Les sanctions contre le « Hezbollah » sont l’un des axes de la délégation du « Trésor américain »

Une délégation du département du Trésor américain, conduite par le premier vice-ministre adjoint chargé de la lutte contre le financement du terrorisme et les délits financiers, Paul Ahren, son adjoint, et un groupe de techniciens et financiers dans le domaine de la finance et des délits financiers, a entamé une série de réunions, à partir d’hier, où la délégation a rencontré le Premier ministre et le ministre de l’Intérieur.

En plus de l’Association des banques au Liban pour discuter d’un certain nombre de sujets nouveaux et anciens.

Au cours de l’entretien, Mikati et Mawlawi ont abordé la question de la lutte contre la criminalité de toutes sortes et le financement du terrorisme, outre la lutte contre la drogue et le contrôle des opérations de contrebande, ainsi que les préparatifs en cours pour la tenue des élections législatives de mai prochain.

On s’attend à ce que la délégation américaine aborde deux points principaux qui rejoignent d’autres points précédemment soulevés par les délégations américaines.

Y compris la question de la lutte contre le blanchiment d’argent et la lutte contre le terrorisme et l’imposition de sanctions contre le « Hezbollah » et certaines personnalités dans son orbite et contre celles avérées corrompues et faisant obstruction à l’établissement de l’Etat libanais, selon les informations.

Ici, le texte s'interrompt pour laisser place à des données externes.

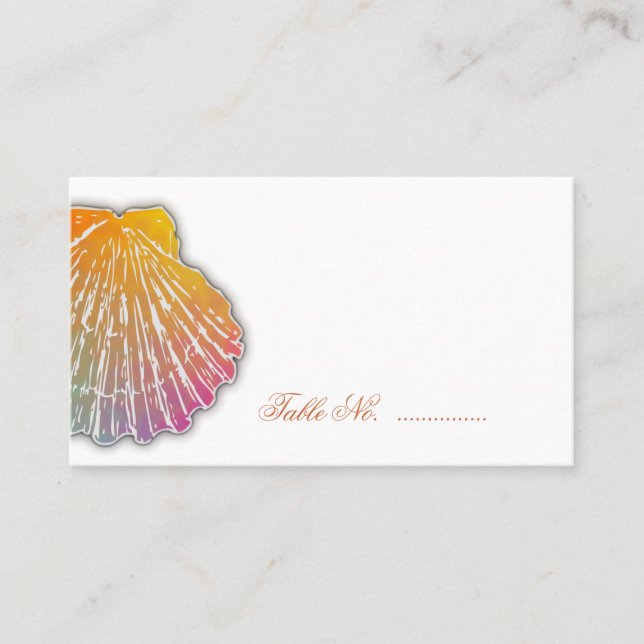 Scallop Muschel Art Escort Tischplatinen Platzkarte (Vorderseite)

Des sources financières et bancaires s’attendaient à ce que la délégation aborde « la question du « paiement en espèces » qui circule actuellement après la baisse de confiance dans le secteur bancaire en raison de la saisie de l’argent des déposants et de la possibilité d’opérations financières illégales qui utilisent ce « cash » pour échapper à la surveillance et à l’enquête, et pour l’inscrire dans le bon processus financier »…

Cette affaire est exclue de l’avis des sources, « considérant que les opérations financières restent sur le territoire libanais et sont soumises à la supervision de la Banque du Liban et de la Commission de contrôle bancaire.

Outre la question du gouverneur de la Banque du Liban, Riad Salameh, et soulevant la question de la gouvernance, qui affecte la stabilité financière et monétaire qui existe aujourd’hui grâce aux mesures prises par Salameh, unifiant le taux de change et ne s’appuyant que sur la plateforme de la Banque du Liban.

Et considérant que tout pas dans cette direction risque d’aggraver les difficultés financières et monétaires dont souffre le Liban ».